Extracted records

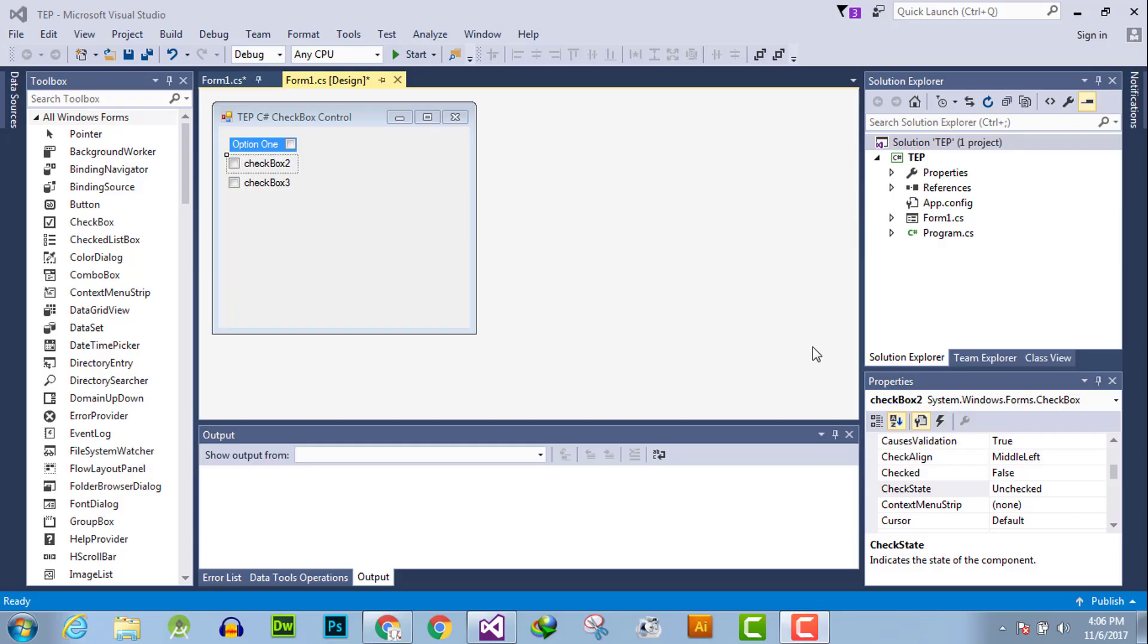Hello everyone, welcome to the Engineering Projects YouTube channel. In this video tutorial, I will guide you how you can change the check state of a checkbox. There are two methods which we are going to use.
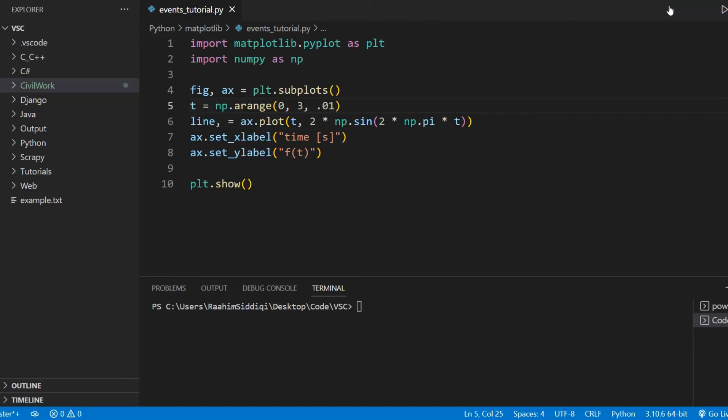In this Matplotlib tutorial, we're going to discuss how we can handle events in Matplotlib. This is known as event handling.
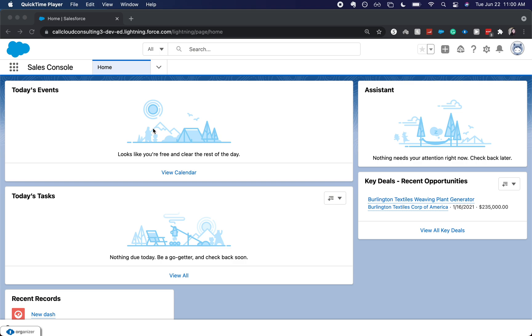One thing to note before we move on about dynamic dashboards is that you have a limit of five of these dynamic dashboards per org. So if you have a larger org, you may run into this issue. Just something to keep in mind when getting the scope of this project.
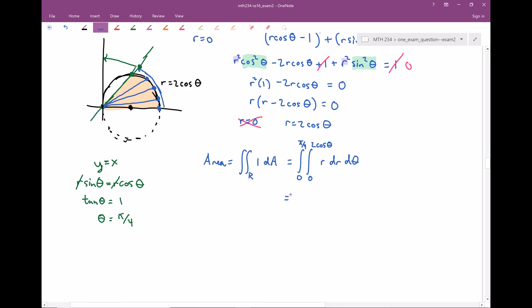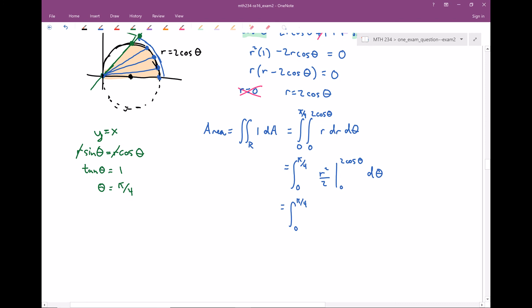Now let's evaluate. Working inside out, integrating r gives r²/2, evaluated from 0 to 2cosθ. Plugging in 2cosθ gives 4cos²θ/2, and subtracting the zero term. So there's cancellation — the 2 and 4 reduce to give 2cos²θ.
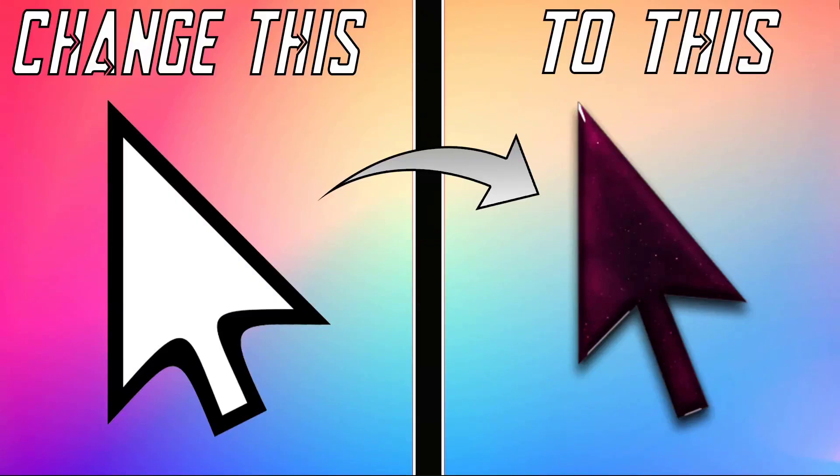Hey guys, this is Sharon here, welcome back to another video on my channel. Today in this video, we are going to set a custom cursor for your Windows operating system to make your mouse cursor much more beautiful. This guide is fast and easy to follow and you will surely see some fantastic results if you do follow my steps.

PROBLEM TO SOLVE -
What you should return is the exact text of every line from the top of the entries through the line with "One thing to", pictures removed.

FINISHED EXERCISE -
Hello everyone, welcome to the Engineering Projects YouTube channel. In this video tutorial, I will guide you how you can change the check state of a checkbox. There are two methods which we are going to use.
In this Matplotlib tutorial, we're going to discuss how we can handle events in Matplotlib. This is known as event handling.
One thing to note before we move on about dynamic dashboards is that you have a limit of five of these dynamic dashboards per org. So if you have a larger org, you may run into this issue. Just something to keep in mind when getting the scope of this project.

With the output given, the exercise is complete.